Exercise directions: Set down the entries again word for word, without any of the images.

[Excerpts from a dataset]
[Start of section]

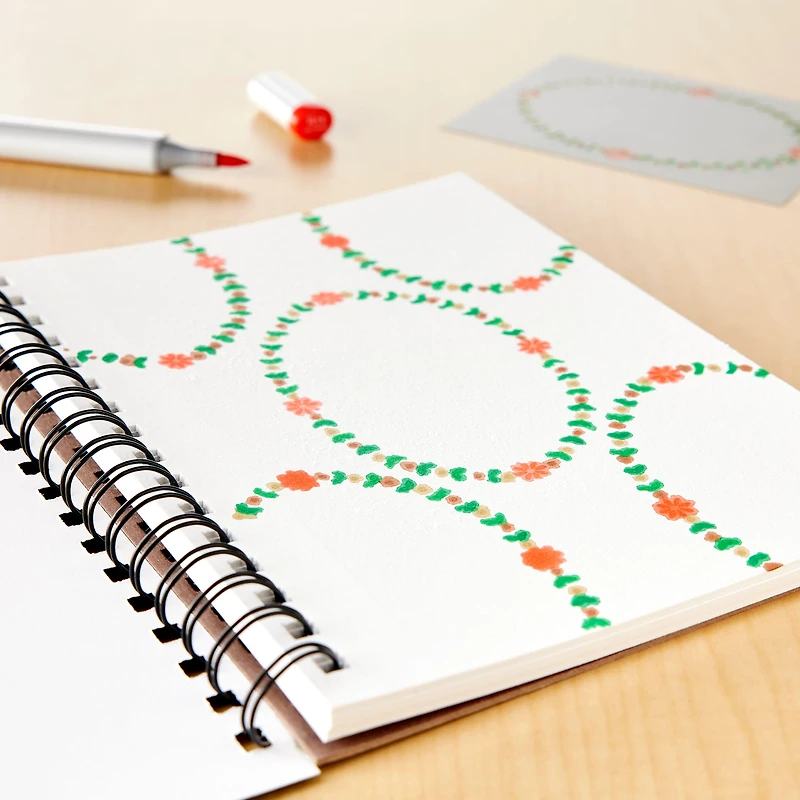 12 Pack: Canson® Artist Series Mix Media Pad, 5.5" x 8.5"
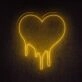 Dripping Love Neon Sign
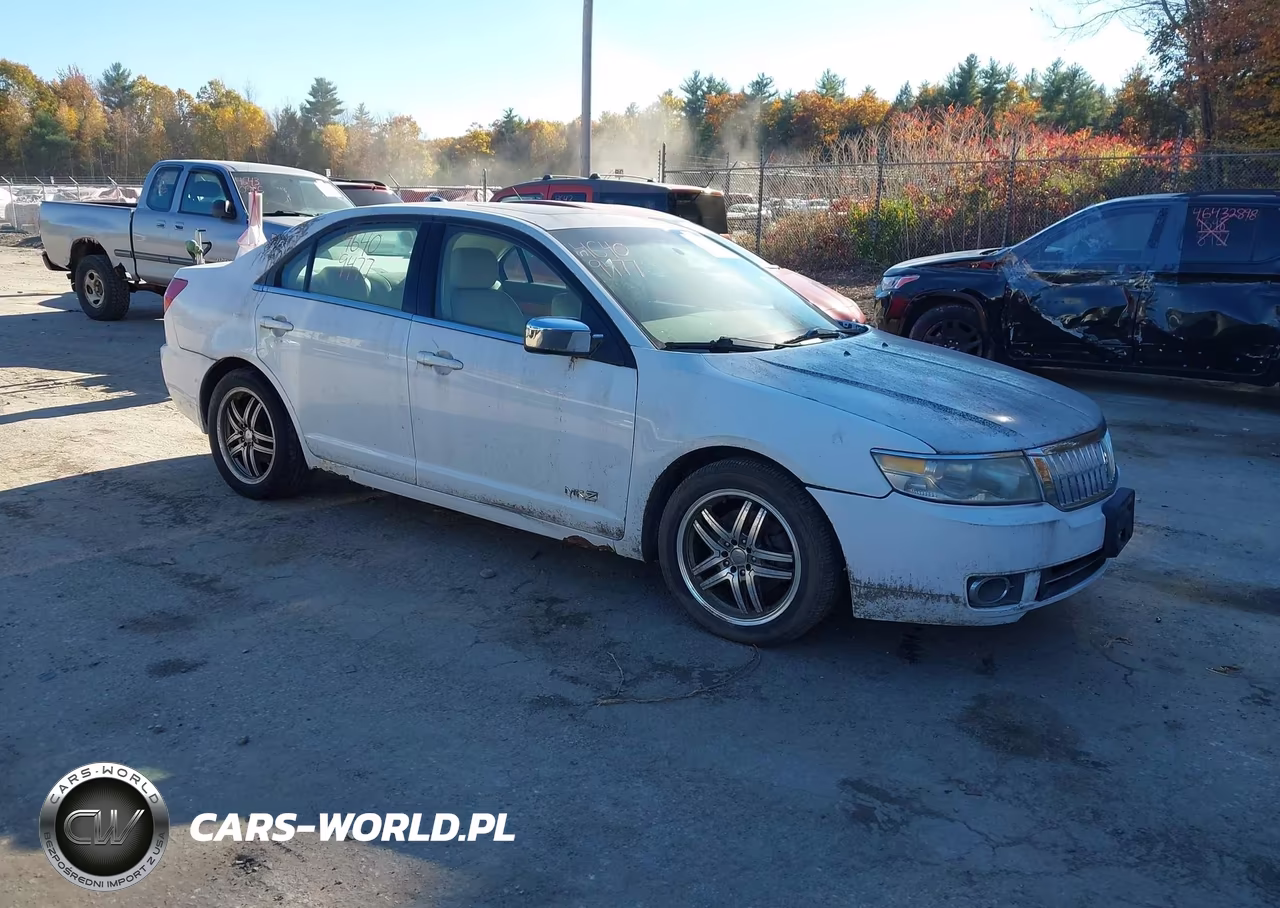 2007 Lincoln Mkz VIN:3LNHM28T37R654353 - 1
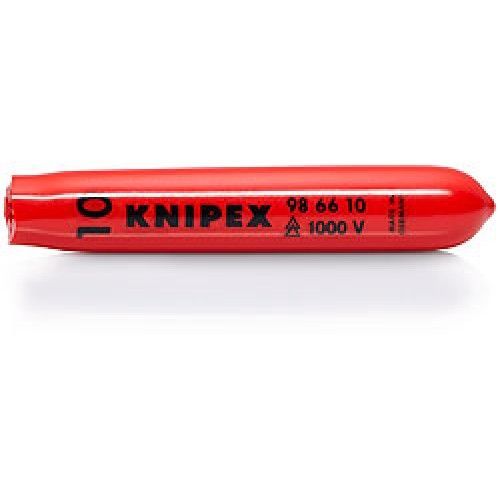 Embout de sécurité autobloquant isolé 1000V 60MM L140MM VDE KNIPEX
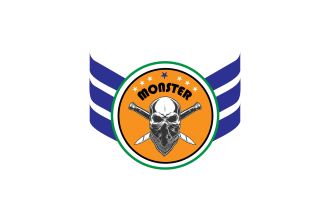 design a skeleton and military logo for your valuable brand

[End of section]

Exercise solution:
 12 Pack: Canson® Artist Series Mix Media Pad, 5.5" x 8.5"
 Dripping Love Neon Sign
 2007 Lincoln Mkz VIN:3LNHM28T37R654353 - 1
 Embout de sécurité autobloquant isolé 1000V 60MM L140MM VDE KNIPEX
 design a skeleton and military logo for your valuable brand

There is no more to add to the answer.